Example: Applying Median Polish in Python

import numpy as np
import pandas as pd
from statsmodels.robust import median_polish

# Example dataset (time vs category)
data = np.array([
    [10, 15, 20, 25],
    [12, 17, 22, 27],
    [14, 19, 24, 29],
    [16, 21, 26, 31]
])

# Perform median polish
table, row_effects, col_effects = median_polish(data, eps=1e-6, maxiter=10)

# Display results
print("Grand Effect:", table)
print("Row Effects:", row_effects)
print("Column Effects:", col_effects)

This outputs the grand effect (overall trend), row-wise deviations, and column-wise deviations, helping us detect patterns in structured data.

Implementing Median Polish in R

R has a native medpolish() function, which operates similarly.
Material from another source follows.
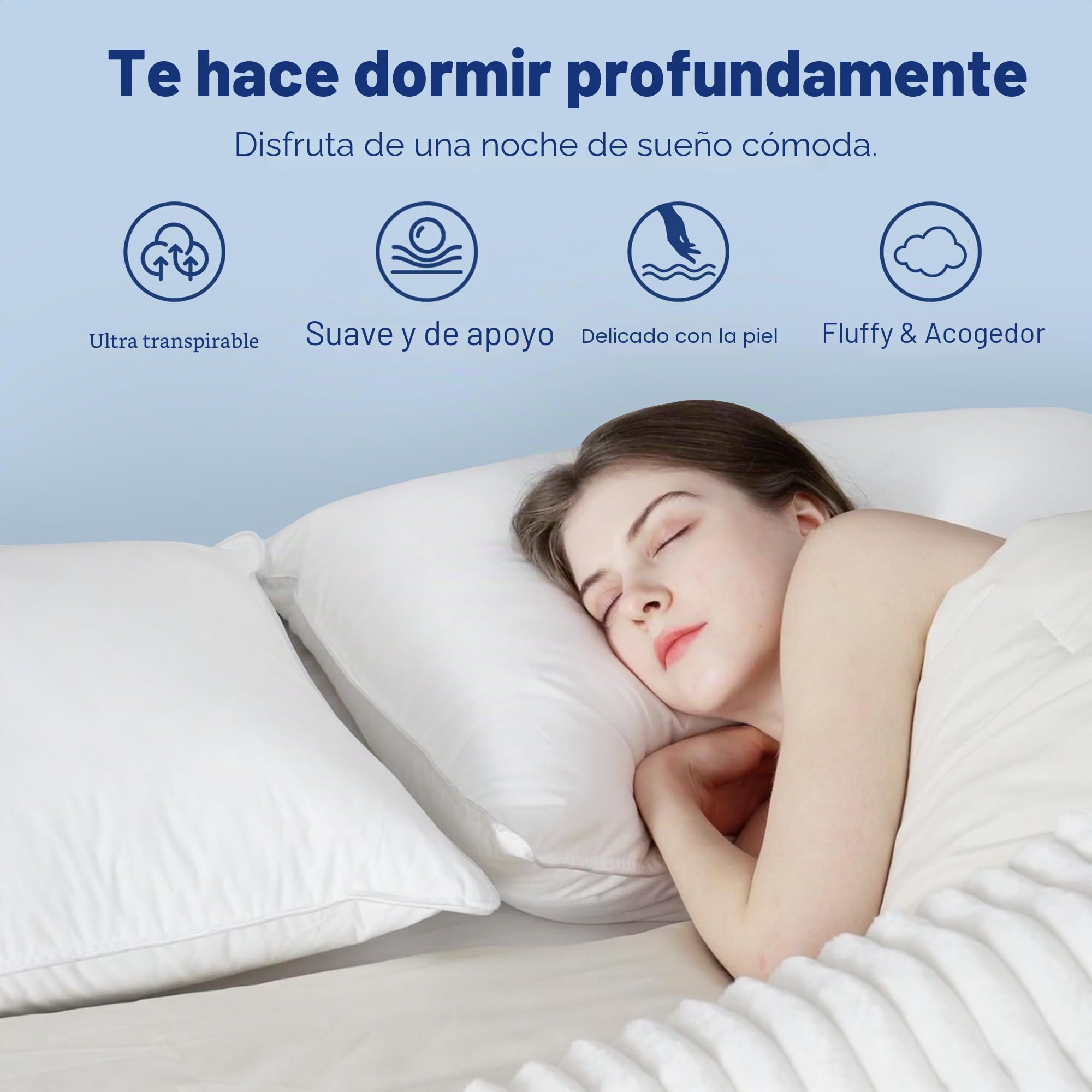 UNIKOME Almohada de Pluma y plumón de Ganso, Juego de 2 Almohadas 50x75cm, Funda de Almohada de Lujo de 100% algodón, Lavable, Oeko-Tex, Blanco (50×75cm)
Example: Applying Median Polish in R

data <- matrix(c(10, 15, 20, 25,
                 12, 17, 22, 27,
                 14, 19, 24, 29,
                 16, 21, 26, 31), nrow=4, byrow=TRUE)

# Apply median polish
result <- medpolish(data)

# Print results
print(result)

This provides the same decomposition as in Python, with a breakdown into grand mean, row effects, column effects, and residuals.

When to Use Median Polish

Median polish proves especially useful in settings where traditional statistical techniques falter, most notably when the data at hand are riddled with outliers, structured along two dimensions, or exhibit complex patterns that resist linear modeling. Its robustness and simplicity make it a practical choice in the following scenarios:

  • When the data contain outliers:
    Outliers can skew results dramatically when using mean-based methods, pulling trend lines and average values toward extreme ends and masking genuine patterns. Median polish, by contrast, relies on medians at every step of the decomposition process, making it inherently resistant to the distorting effects of anomalous data. This is particularly valuable in fields like environmental science, where readings may spike due to equipment glitches or rare events. Median polish allows analysts to extract systematic trends without being derailed by a few extreme points.
  • When you need robust trend analysis across rows and columns:
    Structured datasets, those that naturally align into rows and columns, like time by region or treatment by outcome, often have patterns that span both dimensions. Traditional methods may fit a linear model or conduct an ANOVA, but these approaches often assume normality and homoscedasticity. Median polish makes no such assumptions. Instead, it iteratively isolates the central tendency of rows and columns, stripping away systematic effects and leaving residuals that highlight local deviations. This helps identify whether observed variation is consistent across time, across categories, or truly random.
  • When analyzing spatial or temporal grids:
    In climatology, epidemiology, and other fields that deal with spatial or time-series data laid out in grids, it is common to see patterns embedded within noisy observations. Temperature readings by location over several months, for instance, may reflect both seasonal shifts and regional baselines. Median polish can extract these layered effects, producing interpretable summaries that are not swamped by short-term weather anomalies or single-site errors. Likewise, in economic trend analysis, sales by quarter and product line may exhibit structural effects that mask localized performance. Median polish clarifies these by reducing data to a clean model of row and column effects plus residuals.

Conclusion

Median polish is a powerful exploratory tool that extracts patterns from two-way tables while resisting the influence of outliers. By decomposing data into meaningful components, it provides insights into underlying structures that traditional mean-based methods might miss. Whether in Python or R, applying median polish can help uncover trends hidden within noisy data.